### What you need to do
What you return should be the full listing, copied exactly and stripped of its pictures.

### Supplied material
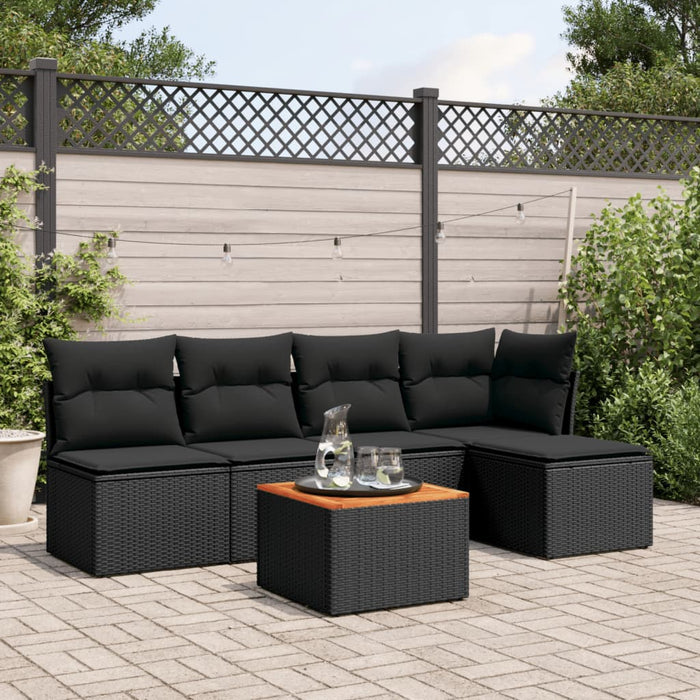 Set Divano da Giardino 6 pz con Cuscini Nero in Polyrattan 3223598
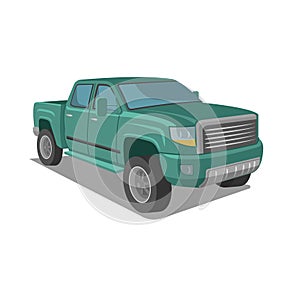 Modern pickup truck vector illustration. SUV 4x4 offroad wehicle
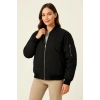 Kadın Bomber Mont Ceket – Fermuarlı, Kapitone İçi Astarlı, Su İtici Kumaş, Regular Fit, Yandan Cepli, Günlük Bahar & Kış Şık Rahat Stil - Siyah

### Finished task
 Set Divano da Giardino 6 pz con Cuscini Nero in Polyrattan 3223598
 Modern pickup truck vector illustration. SUV 4x4 offroad wehicle
 Kadın Bomber Mont Ceket – Fermuarlı, Kapitone İçi Astarlı, Su İtici Kumaş, Regular Fit, Yandan Cepli, Günlük Bahar & Kış Şık Rahat Stil - Siyah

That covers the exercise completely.